Run the source command from the main Vivado 2023.2 window.

cd innova2_8gb_adlt_xdma_ddr4_demo
dir
source innova2_8gb_adlt_xdma_ddr4_demo.tcl

Click on Generate Bitstream.

Once the Bitstream is generated, run Write Memory Configuration File, select bin, mt25qu512_x1_x2_x4_x8, SPIx8, Load bitstream files, and a location and name for the output binary files. The bitstream will end up in the innova2_8gb_adlt_xdma_ddr4_demo/innova2_8gb_adlt_xdma_ddr4_demo.runs/impl_1 directory as xdma_wrapper.bit. Vivado will add the _primary.bin and _secondary.bin extensions as the Innova-2 uses dual MT25QU512 FLASH ICs in x8 for high speed programming.

Proceed to Loading a User Image

Design run details:

Resource Utilization Chart:

The Innova-2's XCKU15P is wired for x8 PCIe at PCIe Block Location: X0Y2. It is capable of 8.0 GT/s Link Speed.

For this design I set the PCIe Base Class to Memory Controller and the Sub-Class to Other.

I disable the Configuration Management Interface.

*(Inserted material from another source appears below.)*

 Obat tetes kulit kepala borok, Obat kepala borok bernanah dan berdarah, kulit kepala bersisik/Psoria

The DDR4 Memory Part is selected as MT40A1G16WBU-083E which is compatible with the MT40A1G16KNR-075 x16 Twin Die ICs with D9WFR FBGA Code on the Innova-2.

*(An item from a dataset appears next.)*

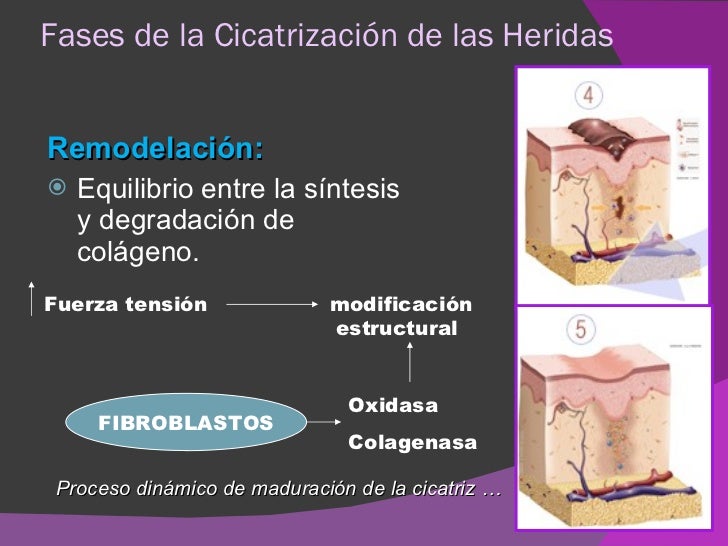 Fases De Cicatrización De Una Herida es.slideshare.net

The DDR4 is configured for a Memory Speed of 833ps -> 1200MHz -> 2400 MT/s Transfer Rate. The DDR4 reference clock is 9996ps -> 100.04MHz. CAS Latency is set to 16 and CAS Write Latency is set to 12.

Data Mask and DBI is set to NO DM NO DBI which automatically enables ECC on a 72-Bit interface.

The Arbitration Scheme is set to RD PRI REG under AXI Options.